Digital Storytelling

Posted by weeklyteachingnote on February 10, 2009

Looking for an alternative to the 8-10 page research paper? In digital storytelling, students interact with course material through the media of narrative, still pictures, and music.  There’s no shortage of writing in this assignment, but added to that is group collaboration, creativity, practice with fairly common software (iMovie or Moviemaker), and—thanks to YouTube—a great opportunity to “publish” student work.  The Center for Digital Storytelling ( can provide more information and some examples, but they have broken down the process into 10 steps for students to follow.  Add Step 11, a written reflection, to increase the amount of writing in the project.

  1. Write a script
    • 1 ½ double-spaced typewritten pages = ~3 minutes
    • Establish a point of view with the narrator
    • Make it emotional
  2. Record the script
    • Desktop microphones will do, but have students check campus resources
  3. Storyboard the script
    • Decide what should be showing for each part of the narration
  4. Gather images (about 20 should do, but good to have plenty to draw on)
    • Scan if necessary (at least 200 dpi, saved as JPG)
    • Digital images from Web (be sure not to violate copyrighted material)
  5. Edit images: Keep a folder with all the unedited, full size images as a backup—duplicate these when editing. Use Photoshop or other image editing software to crop as needed and perform image correction (contrast, brightness, color, etc).
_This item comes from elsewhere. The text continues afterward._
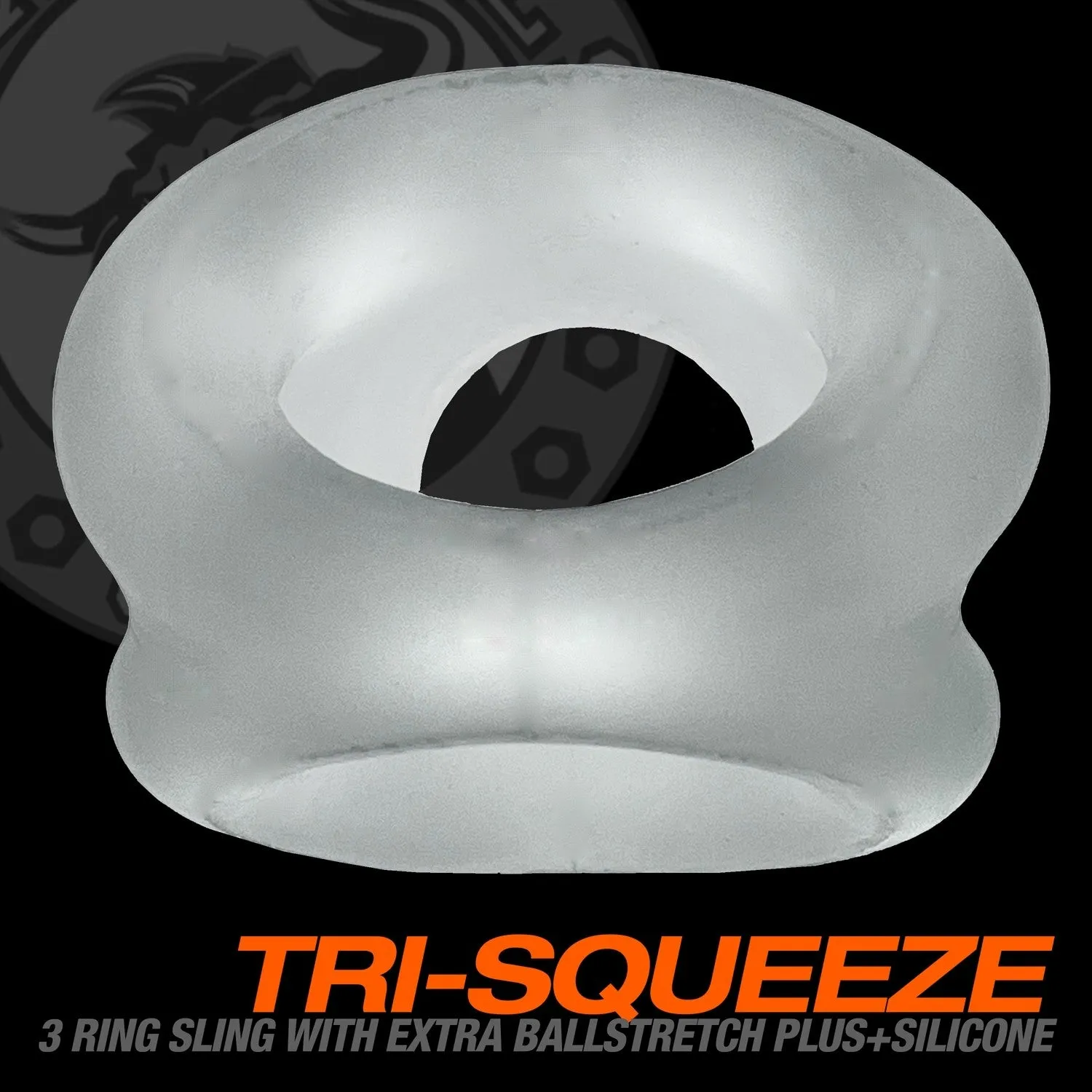 Oxballs Tri Squeeze Silicone Blend 3 Ring Ballstretching Sling - Clear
Save as JPGs
  6. Import images and sound file into iMovie or MovieMaker
  7. Place images (clips) onto timeline at appropriate spots
  8. Make transitions (fade in and out, dissolve, etc—easy to do in these programs)
  9. Add music if desired (avoid vocal music—it will distract from narrator)
  10. Upload to YouTube or another website and/or make DVD
  11. Write at least a three-page critical reflection paper that explains your project and its connection to content in the class.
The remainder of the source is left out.